Task prompt
The material below holds pictures; leave them out and reproduce exactly the lines from the one with "Podcast thumbnail for Direto ao Caos" through the one with "Venezuela Fury and", inclusive.

Information
- Opening Delimiter -
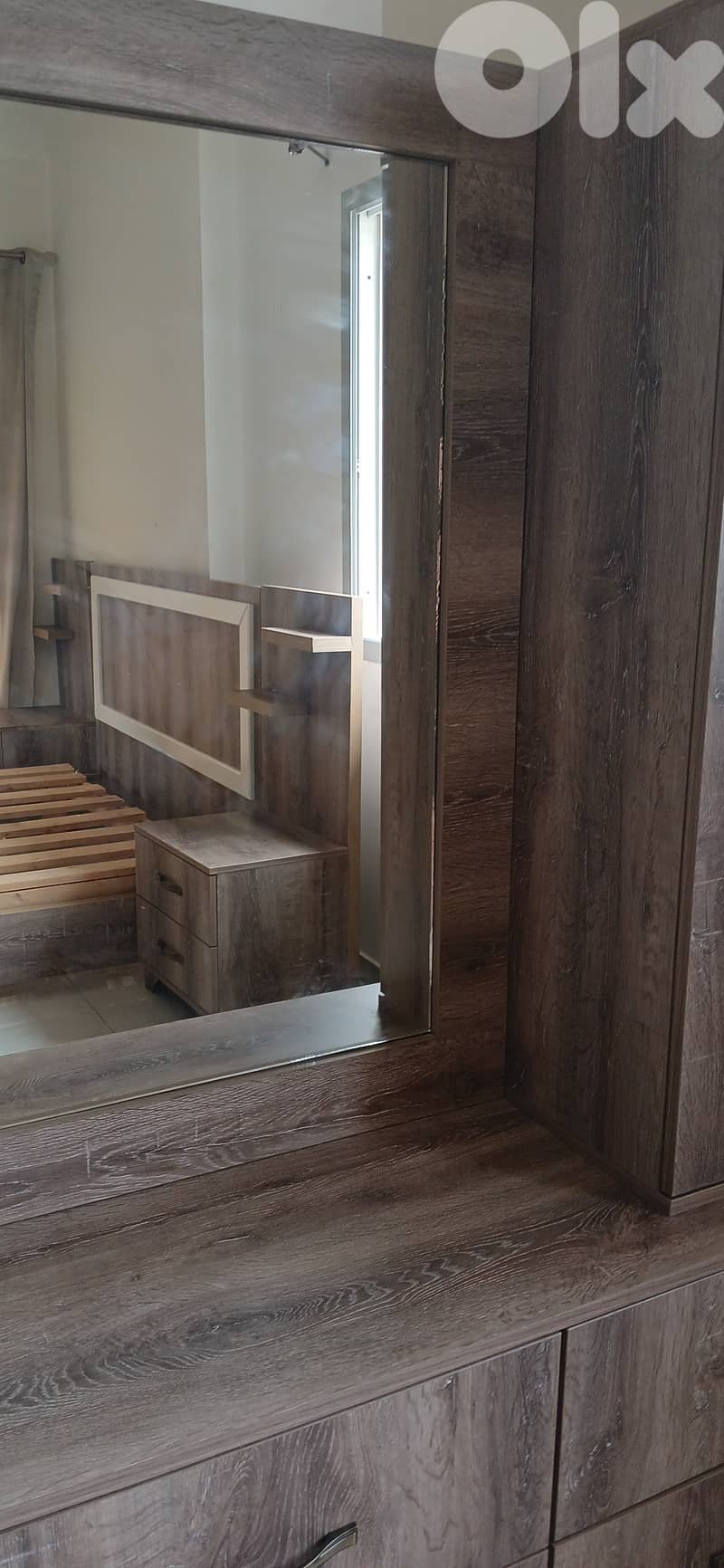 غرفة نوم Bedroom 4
- Closing Delimiter -
- Opening Delimiter -
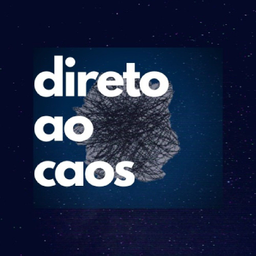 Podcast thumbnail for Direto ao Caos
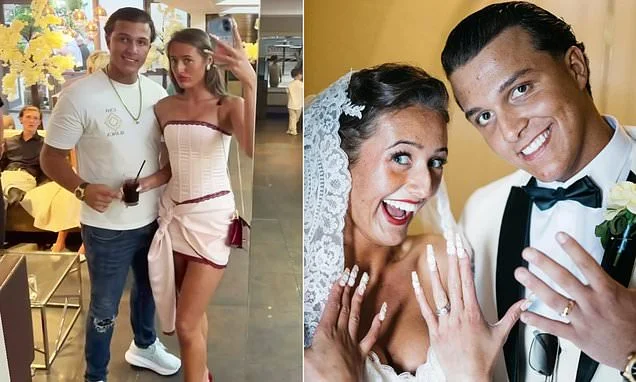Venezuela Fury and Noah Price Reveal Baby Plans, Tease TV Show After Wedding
- Closing Delimiter -
Output below
 Podcast thumbnail for Direto ao Caos
Venezuela Fury and Noah Price Reveal Baby Plans, Tease TV Show After Wedding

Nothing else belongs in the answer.